Beat generation: una (non) lettura su di un tempo da esplorare

Thomas Pynchon, “L’incanto del lotto 49”, Einaudi 2005. Traduzione di Massimo Bocchiola

Mi ero pregustata la lettura di questo libro, unitamente al piacere di una riflessione da condividere, qui, con altri lettori. Non è andata così.

Si tratta di un piccolo libro di grande importanza, del quale scelgo tuttavia, superata la metà del testo, di non terminare la lettura. Non ora. Sarebbe improduttivo. La sprecherei.

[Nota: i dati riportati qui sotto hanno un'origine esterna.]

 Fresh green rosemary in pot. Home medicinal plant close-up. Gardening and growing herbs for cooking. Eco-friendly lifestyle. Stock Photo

Non è stata, tuttavia, una parziale lettura inutile: ha consentito un inizio di pensiero sul periodo, sul genere, su ciò che necessita perché questo libro possa essere letto come merita. Insieme a una domanda sul libro stesso, sul suo essere forse prigioniero di un tempo, per linguaggio, sensibilità, contesto storico.

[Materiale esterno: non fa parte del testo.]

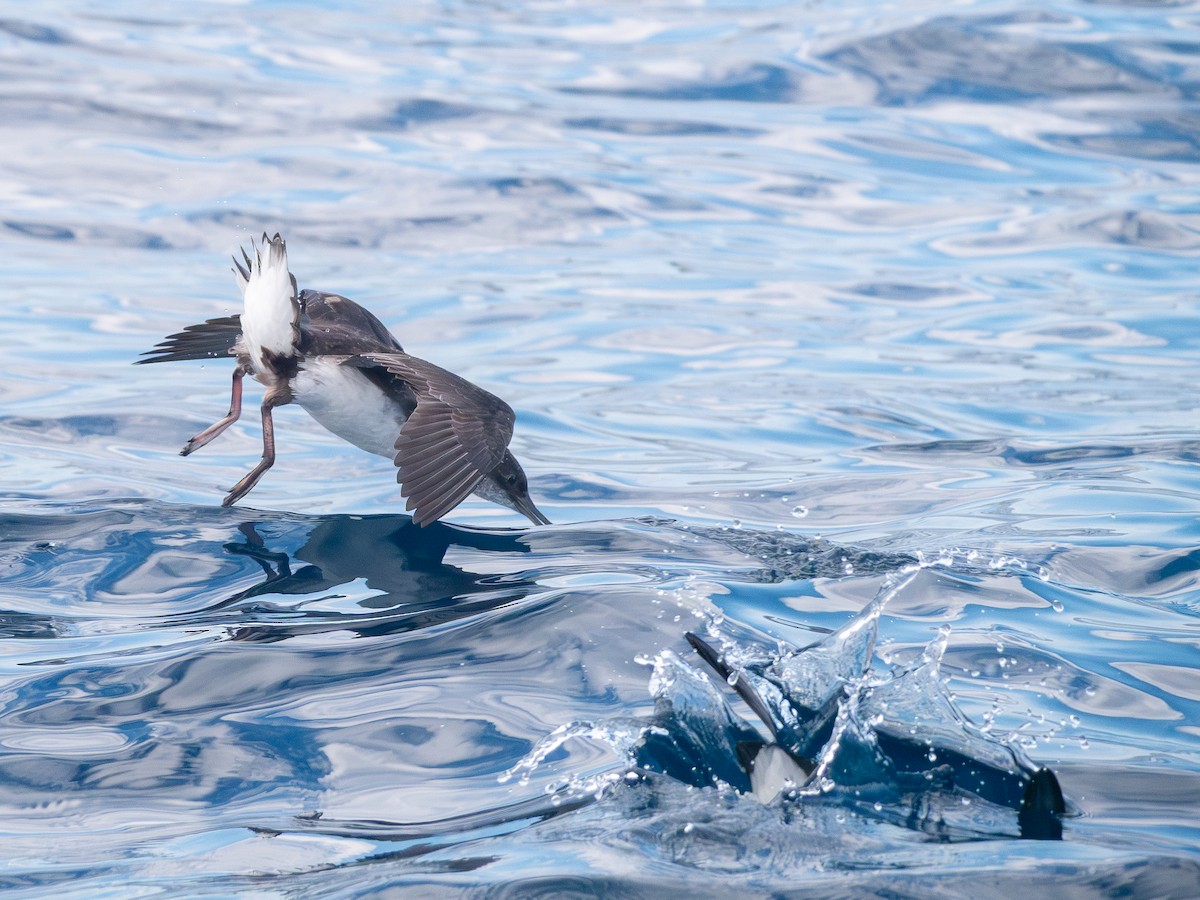 Fluttering Shearwater - ML643969416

Oso molto, lo so. Ma questo è il luogo, anche, per riflessioni la cui utilità potrebbe consistere nel produrle per poterle disconfermare. Perché no, dunque.

Tutto parte da una domanda a me stessa: che cosa mi ha precluso, in altri anni, questa lettura?

La prima edizione italiana di questo romanzo credo sia stata la Bompiani del 1968, con la traduzione di Liana Burgess.  All’edizione Bompiani sono seguite, l’edizione Mondadori 1988 e l’edizione e/o 1996.

Nel 2005 Einaudi ripresenta l’opera, nella Collana Stile Libero, in una nuova traduzione di Massimo Bocchiola.

Nessuna di queste edizioni (forse la prima?) mi pare abbia avuto un particolare successo editoriale.

Una cosa, tuttavia, va detta, sull’edizione Einaudi che ho tra le mani, datata 2005 e che, a sua volta, non mi pare abbia avuto ristampe.

Si tratta dell’opera di un autore vivente, e ancora attivo pur nella sua invisibilità – Thomas Pynchon ha, da sempre, scelto di lasciar parlare i propri libri, di non concedersi a fotografie, di non rilasciare interviste, pur vivendo, senza particolari difese della propria privacy, una vita normalmente “pubblica” come quella di chiunque altro.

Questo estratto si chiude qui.